Sources close to the negotiations said the creditors had presented counter-proposals covering an array of differences on sensitive issues, hours before Euro Zone finance ministers were due to convene to try to approve an agreement.
Before flying to Brussels, Tsipras attacked the position of “certain” creditors — a swipe at the International Monetary Fund — as strange since he said they had rejected fiscal measures Athens put forward to plug a budget gap.
“This odd stance seems to indicate that either there is no interest in an agreement or that special interests are being backed,” the leftist premier tweeted.
Financial markets reacted nervously, with investors rushing into safe-haven German bonds and the euro suffering a brief sell-off. European shares dropped and US stocks opened lower.

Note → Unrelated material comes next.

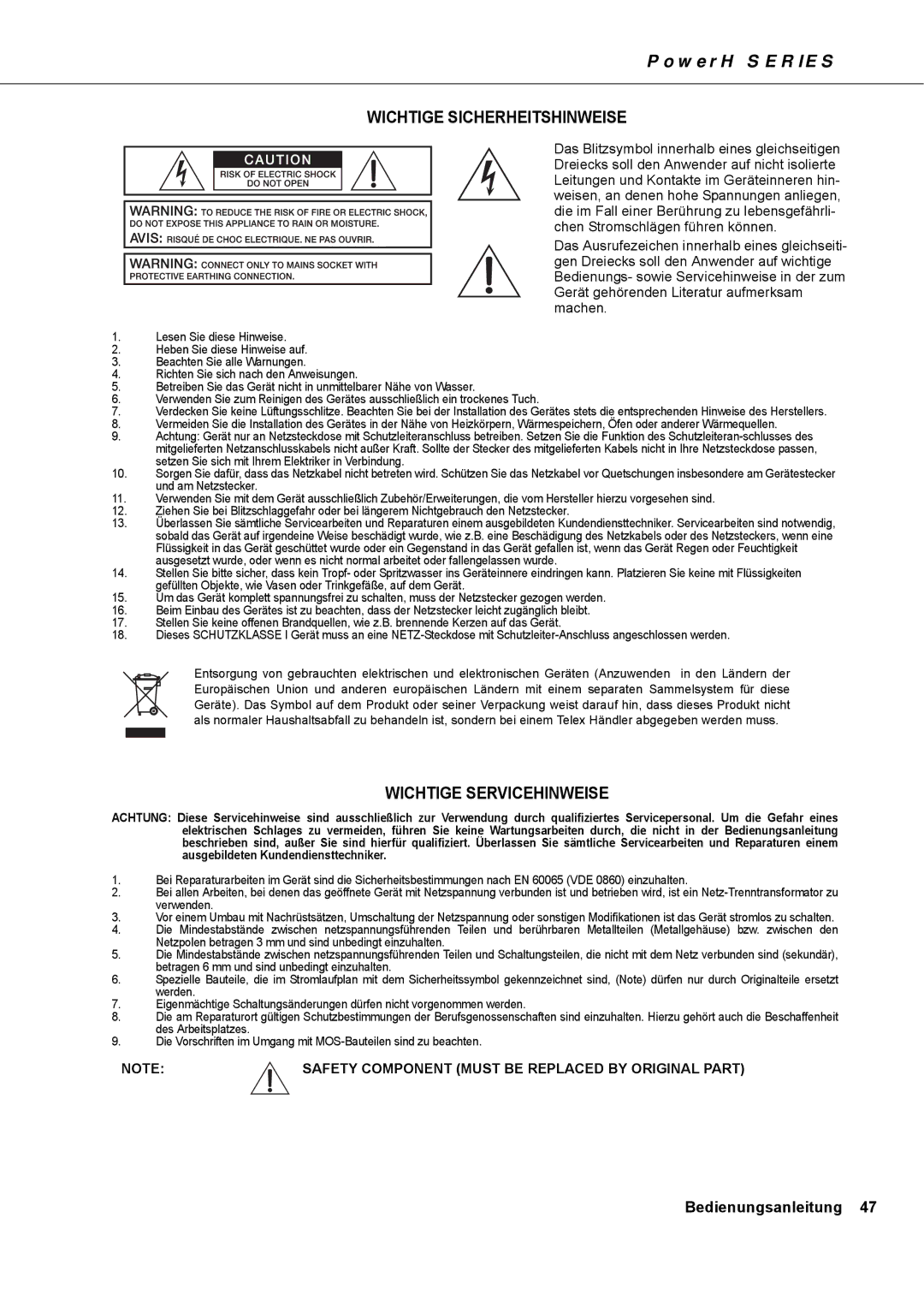 Dynacord H 5000, H 2500 owner manual Wichtige Sicherheitshinweise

A European Union official insisted the talks had not broken down and said the exchange of different proposals was a normal part of the negotiation.
But a Greek official said the lenders’ five page counter-proposal — full of crossings-out and underlining in red ink — differed little from their initial June 3 offer and took scant account of Athens' document. In Athens, an official in Tsipras' Syriza party said a state minister had branded the latest proposals “absurd” at a meeting of the party's political committee.

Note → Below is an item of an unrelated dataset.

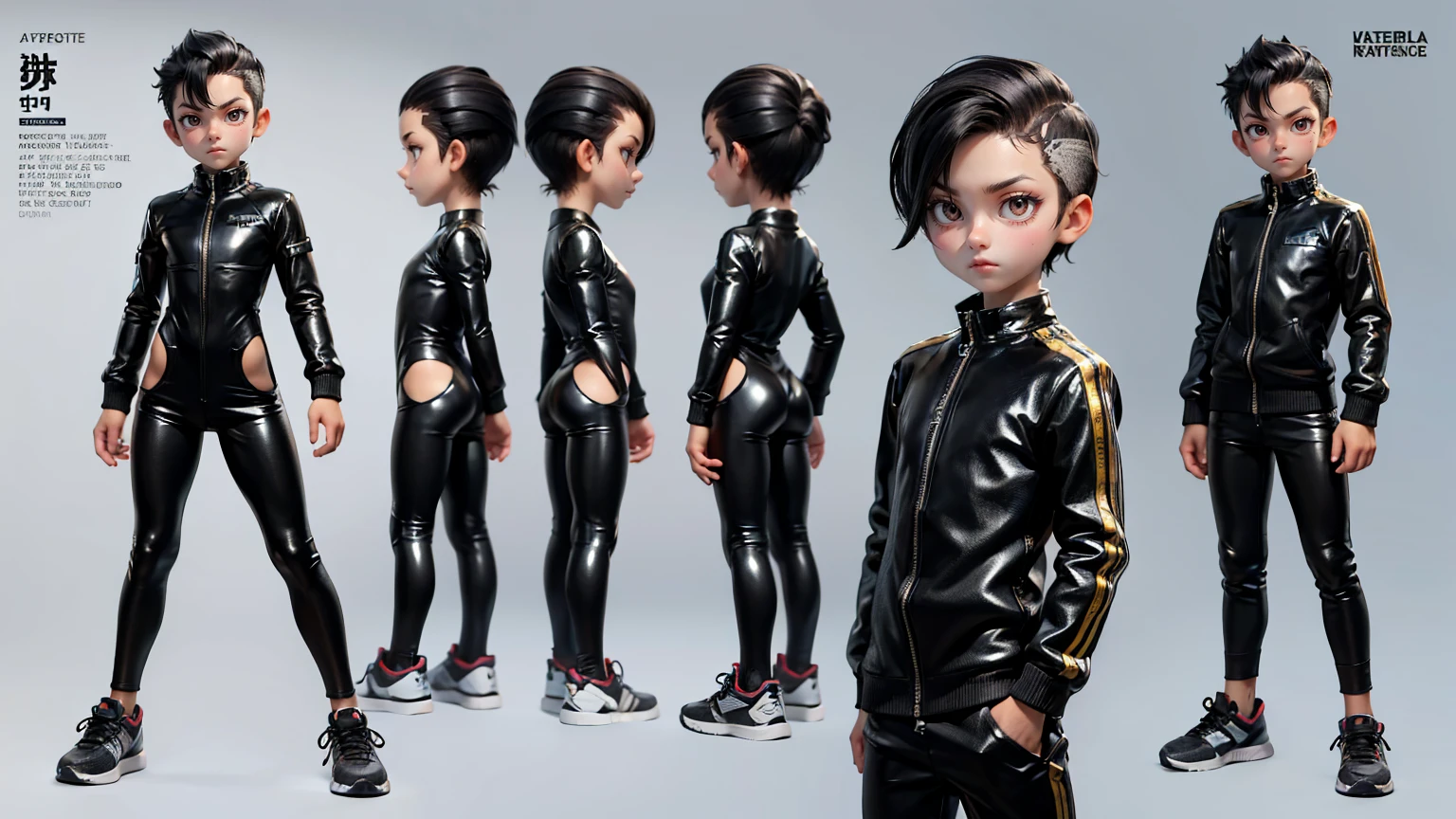 cute face boy, cute face, short height boy, wearing casual futuristic black  pent, black  dress, full standing pose, High and Tight hairs, High and Tight  hair style, sports shoes, Character Sheet, , Full body, Simple white background, front straight pose character reference sheet, Concept art, design sheet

The talks were especially fraught because there is so little time left to reach a deal before Greece has to make a repayment to the IMF on June 30, the day its current bailout expires.
If Greece misses that payment and is declared in default to the IMF, it could trigger a bank run, capital controls and an eventual Greek exit from the euro zone, showing that membership of the currency is not irrevocable as its founders intended.
Among the many unresolved issues were labour laws, collective bargaining, pension reform, public sector wages, opening up closed professions, investment as well as value-added tax and corporate income tax.
Also in dispute were Tsipras' demands for debt relief, which euro zone partners do not want to address at this stage.